Original source: unbundled-database-unbundled_database

File: unbundled-database/unbundled_database.py

Date: 2026-05-29

Time: 11:24

Purpose

This file implements the "database inside-out" pattern from DDIA Chapter 12 — the idea that a modern data system is really a composition of independent subsystems (log, storage, indexes, views) glued together by a change stream, rather than a monolithic engine.

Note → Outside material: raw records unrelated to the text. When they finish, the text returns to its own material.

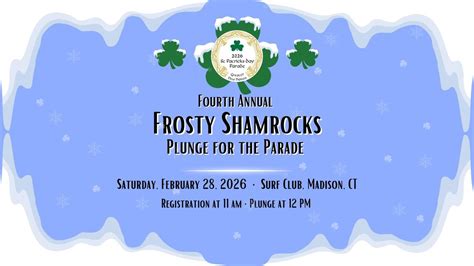 4th Annual Frosty Shamrocks - Plunge for the Parade, Madison Surf Club ...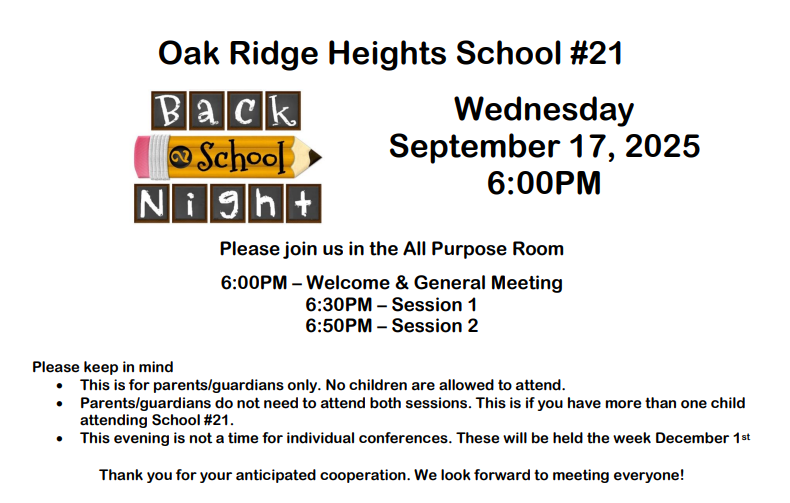 Back to School Night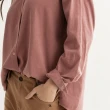 【Arnold Palmer 雨傘】女裝-品牌英文刺繡燈芯絨長版襯衫(玫瑰色)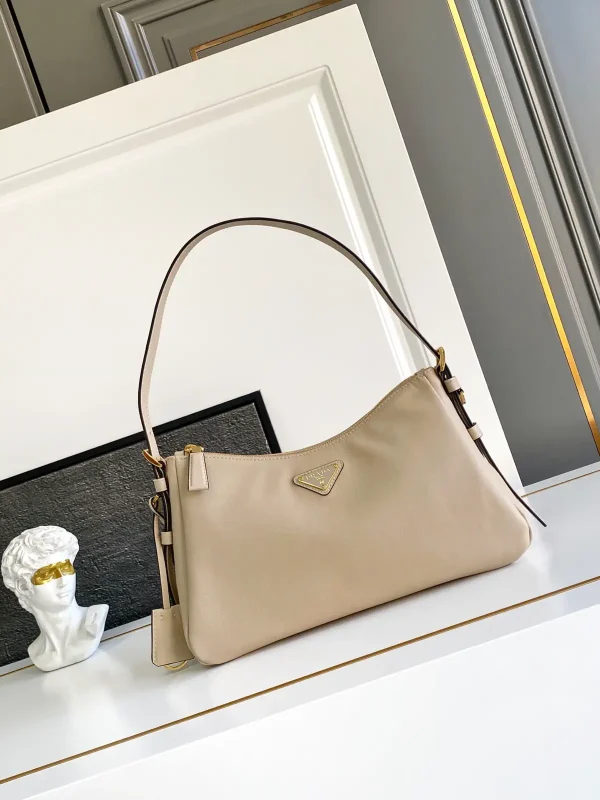 Prada Leather Hobo Shoulder Bag image 1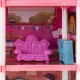 Bērnu Rotaļu Leļļu Māja ar Mēbelēm DIY Konstruktors | Kids Toy Dollhouse with Furniture Constructor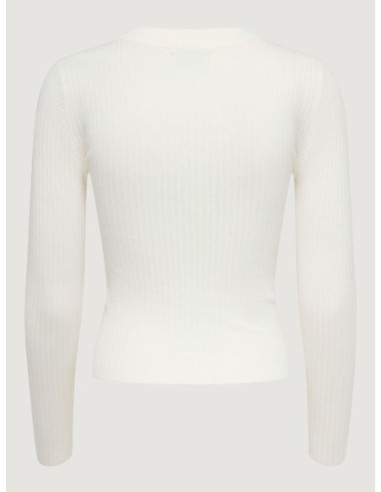 Jacqueline De Yong Pull femme blanc viscose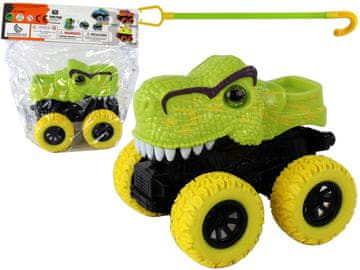 slomart LEAN TOYS Terenski Vozilo Tyranozaver Rex na vzgon - zelena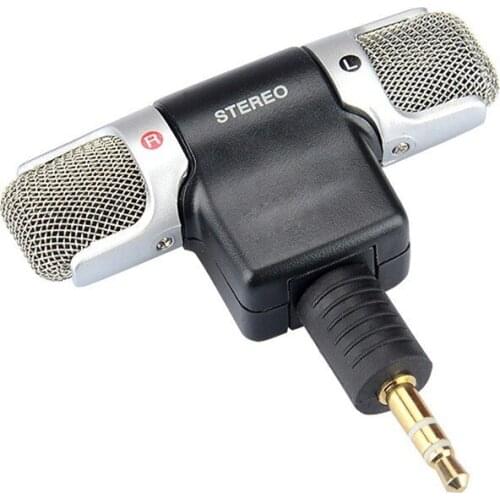 Stereo External Microphone Dual Wireless Mic Recording for DJI Osmo Handheld Gimbal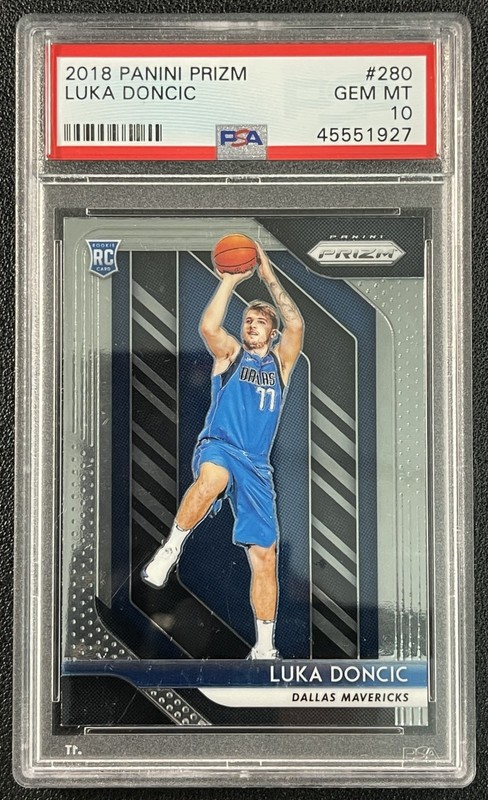 LUKA DONCIC PSA 10 2018-19 PANINI PRIZM #280 ROOKIE RC MAVERICKS 1927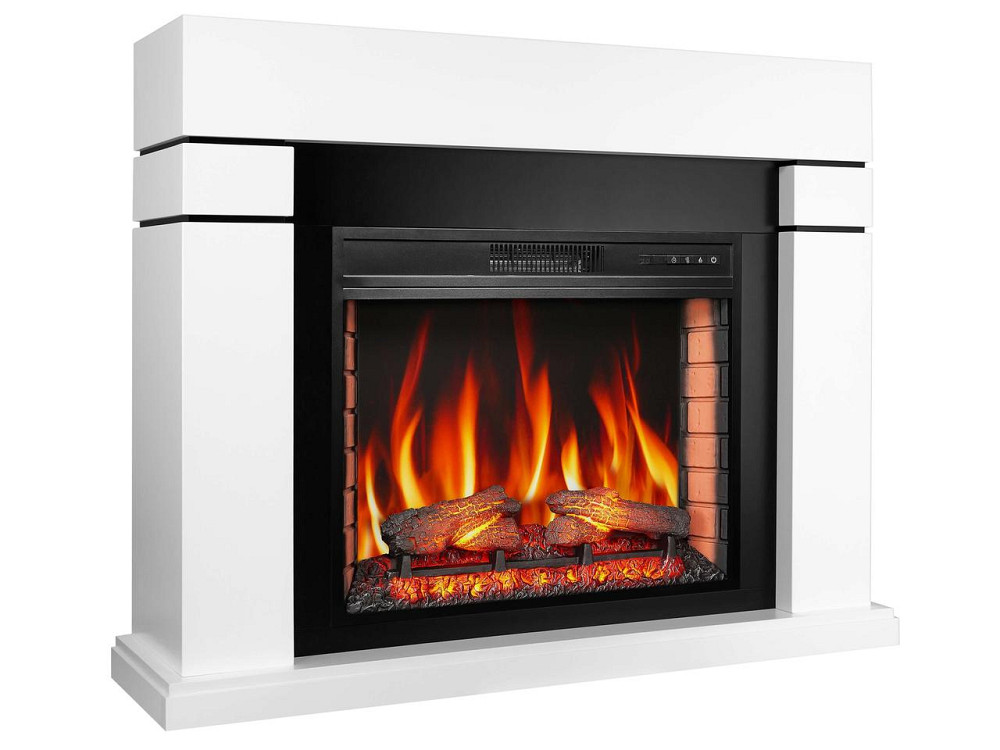 Камінокомплект ArtiFlame Lindos AF28S білий з обігрівом і звуком горіння вогню Львів - фото 1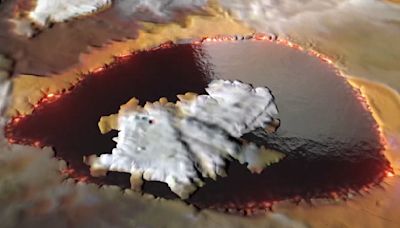 NASA reveals 'glass-smooth lake of cooling lava' on surface of Jupiter's moon Io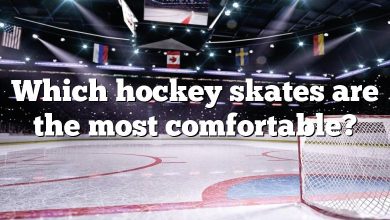 Which hockey skates are the most comfortable?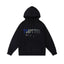Trapstar Style Autumn/Winter Blue-Grey Gradient Hoodie - Black
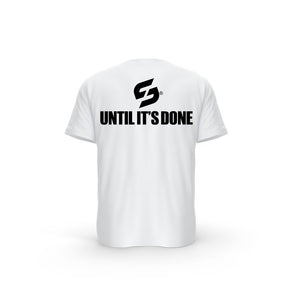 T-SHIRT-COTON-BIO-STRONG-WORK-IT-ALWAYS-SEEMS-IMPOSSIBLE-UNTIL-IT-S-DONE-BLANC-DOS-HOMME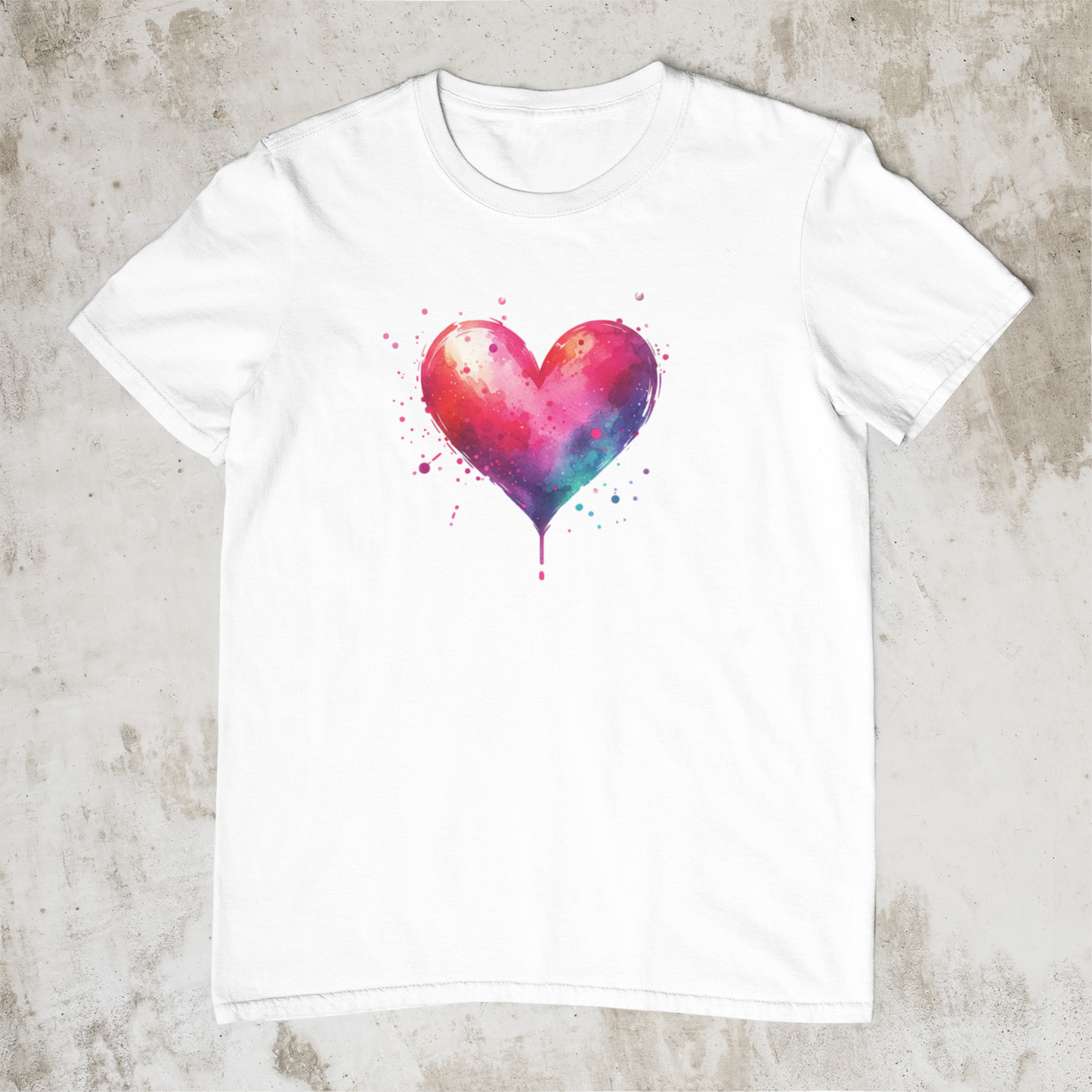 Watercolor Heart T-Shirt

Each component is explicit and replaceable: a write-ahead log captures intent, a storage engine materializes state, a CDC stream propagates changes, and derived systems (secondary indexes, materialized views, full-text search) consume those changes independently.

It serves as a teaching implementation: all the pieces you'd find spread across Kafka, PostgreSQL, and Elasticsearch are composed in ~350 lines of Python so you can see the wiring.

Key Components

Data Classes

WALEntry — Immutable record of a mutation: an LSN (log sequence number), operation (PUT/DELETE), key, and optional value. This is the system-of-record representation.
CDCEvent — Richer downstream representation: adds oldvalue for change tracking and uses semantic operation names (insert/update/delete instead of PUT/DELETE). The WAL doesn't distinguish insert from update — the CDC layer does, by checking whether oldvalue is None.

Core Infrastructure

WriteAheadLog — Append-only log with monotonically increasing LSNs. Supports optional file persistence (JSON-lines format). Key contract: append() assigns the next LSN atomically and returns the entry. readfrom(lsn) and truncatebefore(lsn) provide log consumption and garbage collection.

StorageEngine — An in-memory key-value store that only mutates through apply(WALEntry). It tracks its own current_lsn so you can tell how far it's caught up. The rebuild(wal) method clears state and replays the entire log — this is how crash recovery would work.

CDCStream — The central pub-sub bus. Converts WAL entries into CDC events (adding old/new value semantics), stores the full event history, and fans out to subscribed DerivedSystem consumers. process_pending() pushes events to each consumer based on their individual position — each consumer tracks its own offset, so they can fall behind independently.

Derived Systems (all extend `DerivedSystem`)

SecondaryIndex — Inverted index mapping field values to primary keys. Maintains per-field {value: set(keys)} maps. On update, it removes old mappings before adding new ones.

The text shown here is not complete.